_Given entries_:
--- START ---

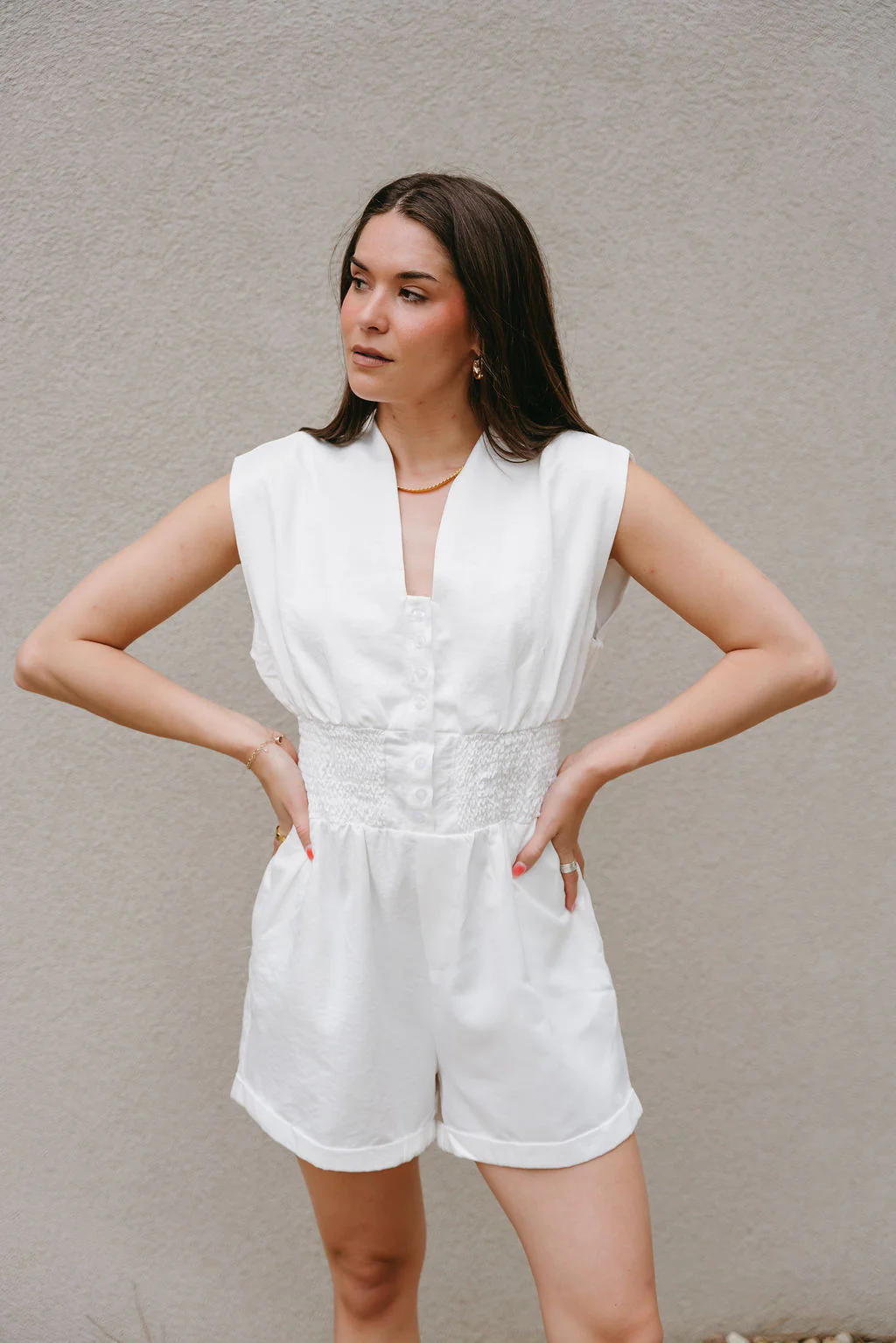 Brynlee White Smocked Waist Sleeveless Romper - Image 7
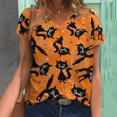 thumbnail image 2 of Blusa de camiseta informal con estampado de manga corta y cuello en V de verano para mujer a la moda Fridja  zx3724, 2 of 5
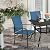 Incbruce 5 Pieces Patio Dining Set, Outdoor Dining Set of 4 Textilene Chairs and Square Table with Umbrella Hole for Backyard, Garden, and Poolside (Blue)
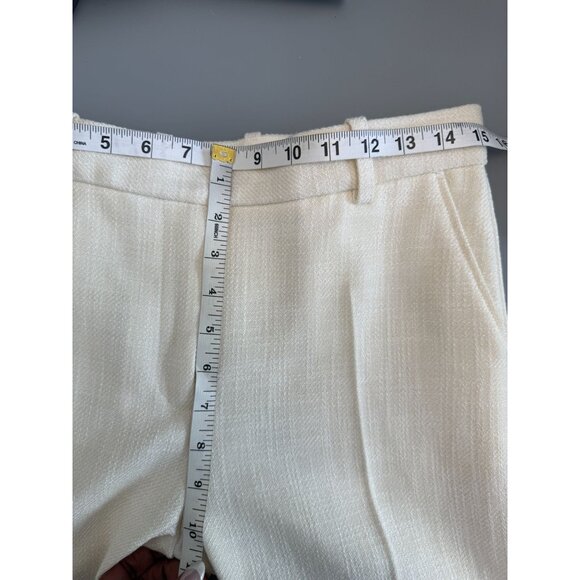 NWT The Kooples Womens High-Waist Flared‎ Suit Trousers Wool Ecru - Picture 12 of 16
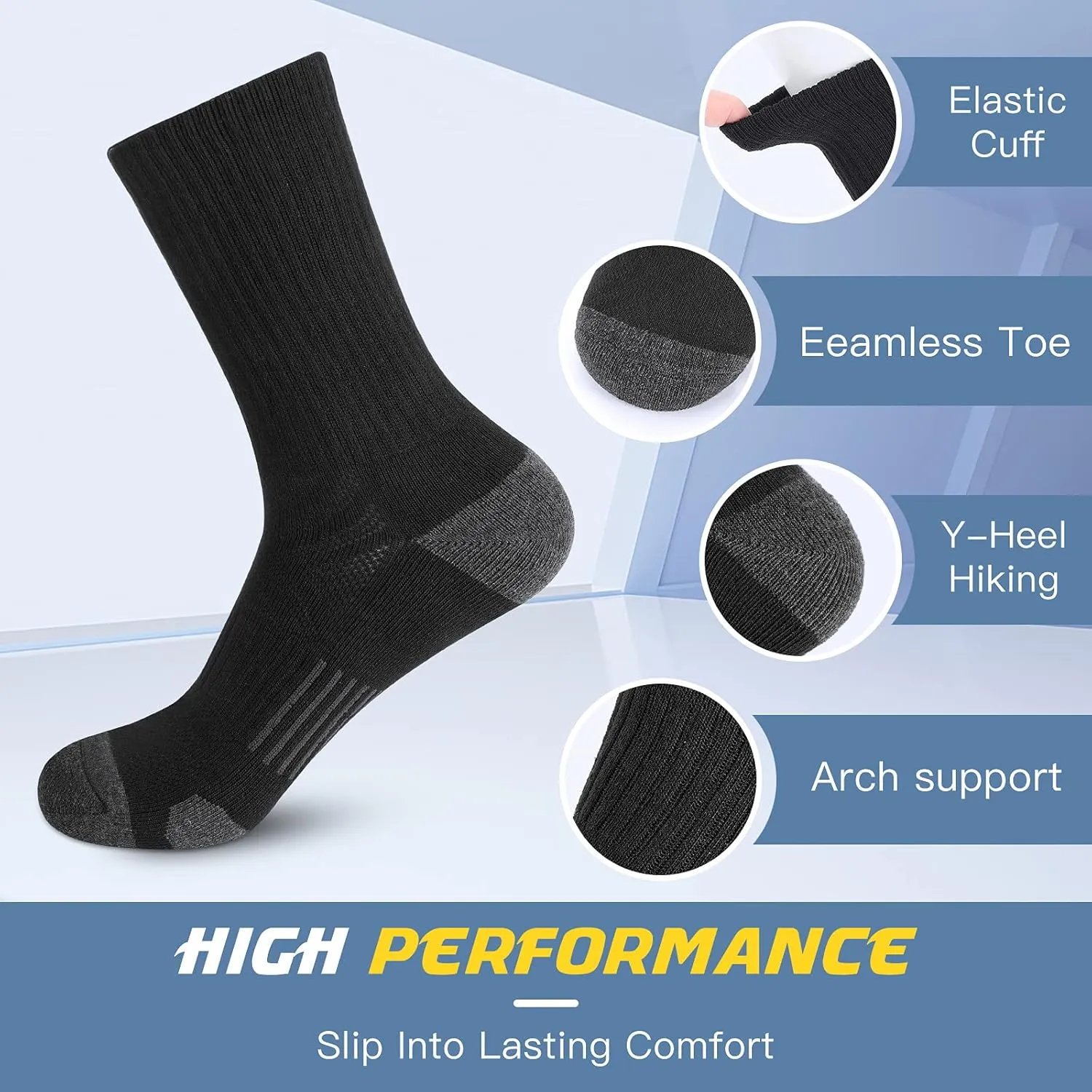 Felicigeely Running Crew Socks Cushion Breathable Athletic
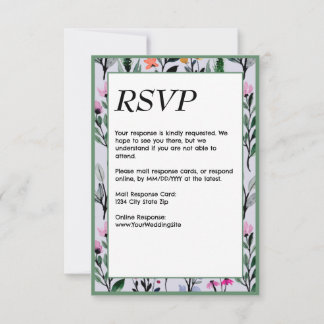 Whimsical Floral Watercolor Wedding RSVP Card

--- END ---
--- START ---

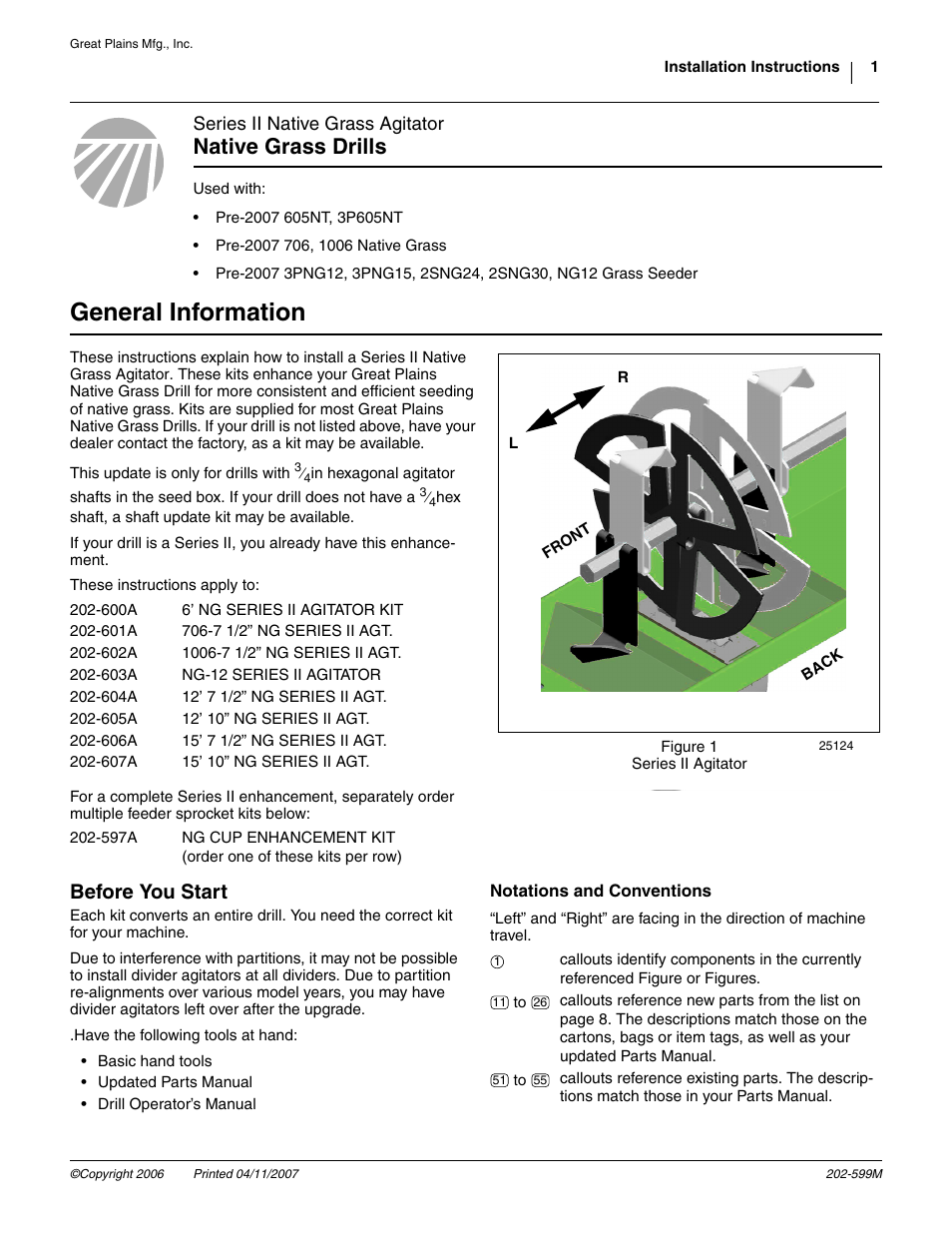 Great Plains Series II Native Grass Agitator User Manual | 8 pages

--- END ---

_Work request_:
The answer is those lines of the material above that run from the one containing "Felicigeely Running Crew" up to and including the one containing "Whimsical Floral Watercolor", restated exactly and without images.

_Written response_:
 Felicigeely Running Crew Socks Cushion Breathable Athletic
 Whimsical Floral Watercolor Wedding RSVP Card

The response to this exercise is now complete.